This article contains notes about the Linux Softdog software watchdog kernel module, the watchdog software which makes use of it, and their configuration and use at BitFolk.
What is a watchdog timer?
A watchdog timer is a device that triggers a system reset if it detects that the system has hung. A program running on the system is supposed periodically to service the watchdog timer by writing a "service pulse." If the watchdog is not serviced within a particular period of time, the watchdog assumes that the system has hung, and triggers a system reset.
A BitFolk VPS should be at least as reliable as a normal piece of hardware, and if you're experiencing regular problems you should contact support to see if they can be resolved. A system can become unresponsive for many reasons however, and you might decide that having a watchdog to reboot it would be desirable.
What is Softdog?
Usually, watchdog timers are implemented as add-on cards, or as on-chip peripherals within microcontrollers. This is clearly not feasible for a virtual machine, however the Linux kernel can provide a software watchdog implemented using kernel timers.
How Softdog works
The Softdog driver is usually loaded as a kernel module. It's been shipped as a module with Debian and Ubuntu kernels for a long time, and probably CentOS too. Once it's loaded it creates a device node, /dev/watchdog. When something opens that device file, the kernel starts a timer that will expire in 60 seconds by default. Every time there's a write to the device node the timer is reset. If the timer expires the kernel will reboot itself.
On Debian and Ubuntu, the userland side of this is provided by the watchdog package. This provides a daemon which (amongst other things) will open the watchdog device and periodically write to it to let the kernel know that userland is still alive.

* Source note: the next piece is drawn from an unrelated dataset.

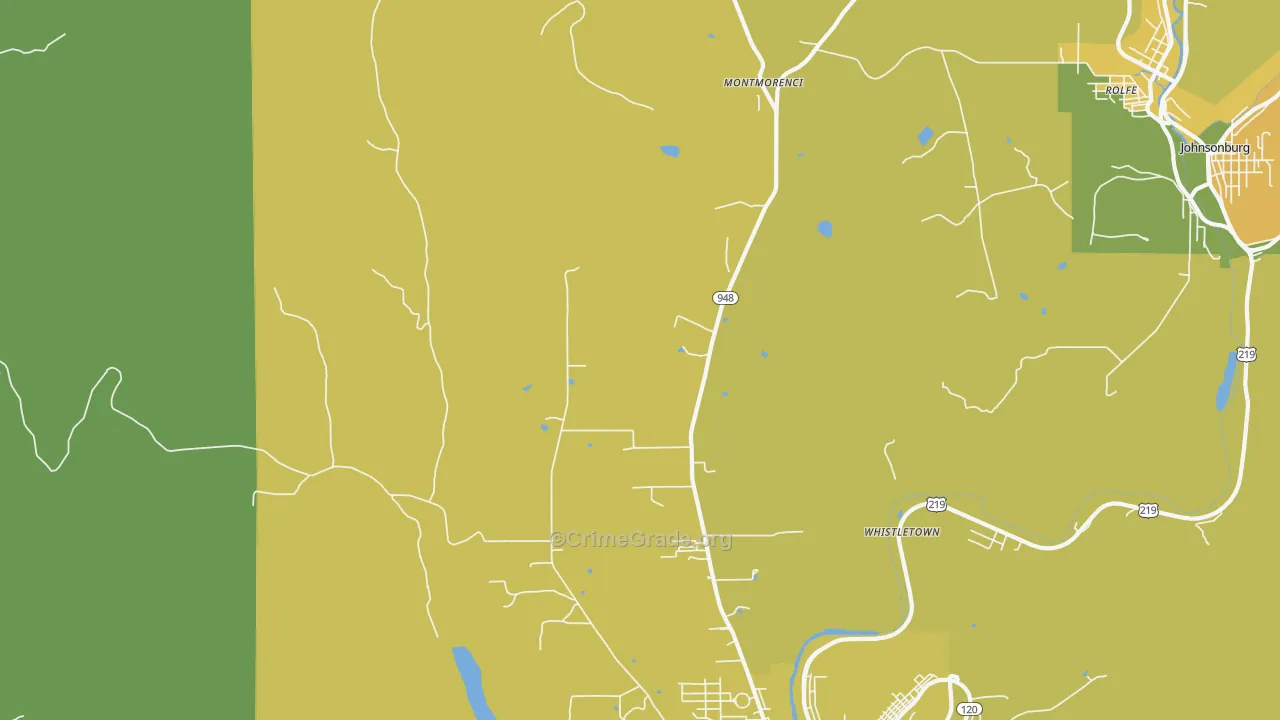 Montmorenci, PA Map of Vandalism Rates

# Start watchdog at boot time? 0 or 1 run_watchdog=1 # Load module before starting watchdog watchdog_module="softdog" # Specify additional watchdog options here (see manpage). watchdog_options="-b"

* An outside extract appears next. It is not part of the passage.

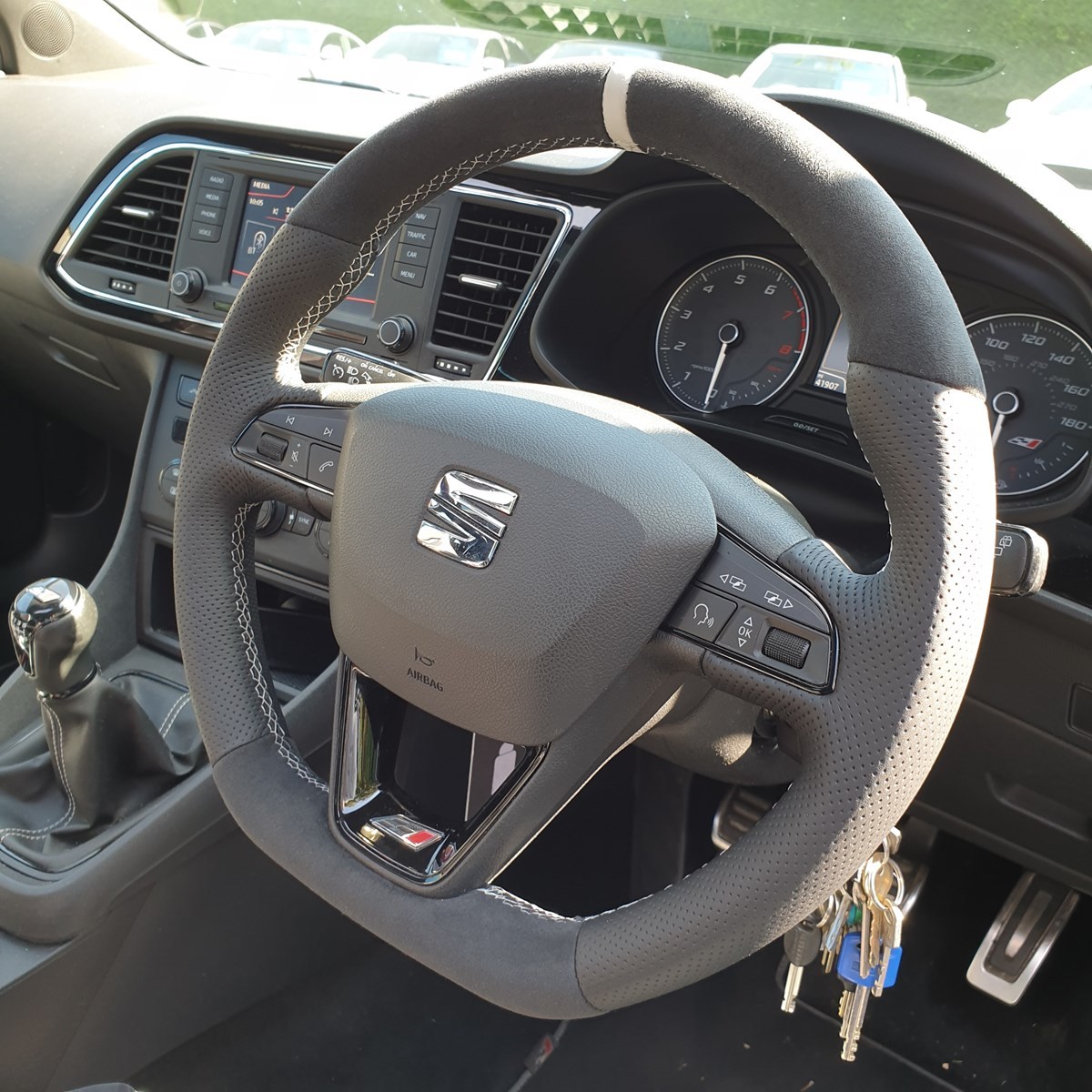 Leather Steering Wheel Cover Black Beige Grey Seat Ibiza Leon Cupra FR 1430 127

/etc/watchdog.conf (a lot of comments and some defaults removed for brevity; see the man page for full options)
watchdog-device = /dev/watchdog realtime = yes priority = 1
In this configuration, the watchdog daemon will only write to the watchdog device. There are other tests that you can configure the watchdog daemon to make, such as being able to fork processes, allocate memory, stat files, etc., but this article is just about setting up a last ditch attempt to reboot if userland dies.
It is safe to stop the watchdog daemon because it will close the watchdog device node. The kernel only runs the watchdog timer while the device node is opened. If you'd like to test the function of the watchdog you could for example pause the watchdog daemon:
# kill -STOP $(cat /var/run/watchdog.pid)
60 seconds after this, your VPS should log "SoftDog: Initiating system reboot." to console and then immediately reboot. This won't be a graceful reboot; it won't even take the time to sync filesystems, so be careful.